Alt regte an, darüber nachzudenken, ob sich die Bezugsdauer von staatlichen Grundsicherungsleistungen für Selbstständige zeitlich begrenzen lässt. "Irgendwann muss man schwarze Zahlen schreiben oder - so weh es tut - die Selbstständigkeit aufgeben. Der Steuerzahler kann nicht auf Dauer eine nicht tragfähige Geschäftsidee mit finanzieren", sagte er der Zeitung.
"Die Beurteilung darüber, ob ein Selbstständiger tatsächlich hilfebedürftig ist, obwohl er zum Beispiel Angestellte hat, ob seine Betriebsausgaben vermeidbar oder angemessen sind oder das Kassenbuch stimmt, ist eher etwas für steuerfachliche Feinschmecker als für Sachbearbeiter im Jobcenter", sagte Alt weiter.

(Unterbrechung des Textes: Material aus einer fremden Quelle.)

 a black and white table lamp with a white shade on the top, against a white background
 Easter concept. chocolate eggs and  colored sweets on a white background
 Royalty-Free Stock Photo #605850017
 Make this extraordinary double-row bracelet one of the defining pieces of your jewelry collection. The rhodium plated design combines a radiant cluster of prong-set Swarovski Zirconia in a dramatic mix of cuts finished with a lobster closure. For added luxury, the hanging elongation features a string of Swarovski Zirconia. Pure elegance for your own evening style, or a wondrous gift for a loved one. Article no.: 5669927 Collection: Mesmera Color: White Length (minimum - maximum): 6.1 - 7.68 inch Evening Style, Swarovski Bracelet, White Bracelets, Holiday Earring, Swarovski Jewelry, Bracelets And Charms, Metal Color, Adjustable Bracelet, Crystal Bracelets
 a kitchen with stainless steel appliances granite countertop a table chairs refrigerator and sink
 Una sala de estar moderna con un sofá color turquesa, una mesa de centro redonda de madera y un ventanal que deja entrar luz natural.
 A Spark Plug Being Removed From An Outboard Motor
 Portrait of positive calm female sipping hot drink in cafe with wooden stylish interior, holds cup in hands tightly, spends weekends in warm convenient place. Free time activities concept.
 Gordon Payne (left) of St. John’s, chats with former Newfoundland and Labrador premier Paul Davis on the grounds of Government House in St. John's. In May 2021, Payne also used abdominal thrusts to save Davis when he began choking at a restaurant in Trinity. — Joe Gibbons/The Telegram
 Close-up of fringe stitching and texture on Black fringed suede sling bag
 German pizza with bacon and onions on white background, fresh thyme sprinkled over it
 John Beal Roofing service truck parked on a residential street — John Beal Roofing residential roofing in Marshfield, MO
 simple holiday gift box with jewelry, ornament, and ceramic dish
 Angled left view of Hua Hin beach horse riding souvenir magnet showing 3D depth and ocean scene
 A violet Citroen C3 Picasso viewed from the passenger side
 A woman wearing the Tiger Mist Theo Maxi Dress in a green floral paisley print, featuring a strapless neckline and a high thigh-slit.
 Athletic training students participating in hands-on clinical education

"Das macht niemand aus Spaß oder Kalkül"
Ulrich Schneider hält die Diskussion um die Rechtschaffenheit selbstständiger Hartz-IV-Empfänger hingegen für "falschen Alarm". "Von den etwa 1,2 Million Aufstockern unter den Hartz-IV-Empfängern ist gerade mal jeder zehnte selbstständig", sagte Schneider. Zudem werde übersehen, dass bei einem Antrag auf Hartz IV nicht nur das Einkommen einer Person, sondern das gesamte Vermögen überprüft werde. "Bevor jemand Hartz IV beantragen kann, muss er quasi um sein gesamtes Vermögen gekommen sein", sagte Schneider. "Das macht niemand aus Spaß oder Kalkül."
Gerd Bosbach, Statistikprofessor an der Fachhochschule Koblenz, sagte dem epd, dass es zu der Frage, weshalb immer mehr Selbstständige zu Hartz-IV-Empfängern würden, kaum Kenntnisse gäbe und jedwede Aussage letztlich auf Mutmaßungen beruhe. Den Vorschlag von Alt, die Bezugsdauer von Grundsicherungsleistungen für Selbstständige zeitlich zu begrenzen, hält Bosbach für "unsozial und eine Unverschämtheit". Bosbach fügte hinzu: "Selbst wenn ein Teil der selbstständigen Hartz-IV-Empfänger lügt und das Einkommen herunterrechnet: Von was sollen dann die anderen leben?"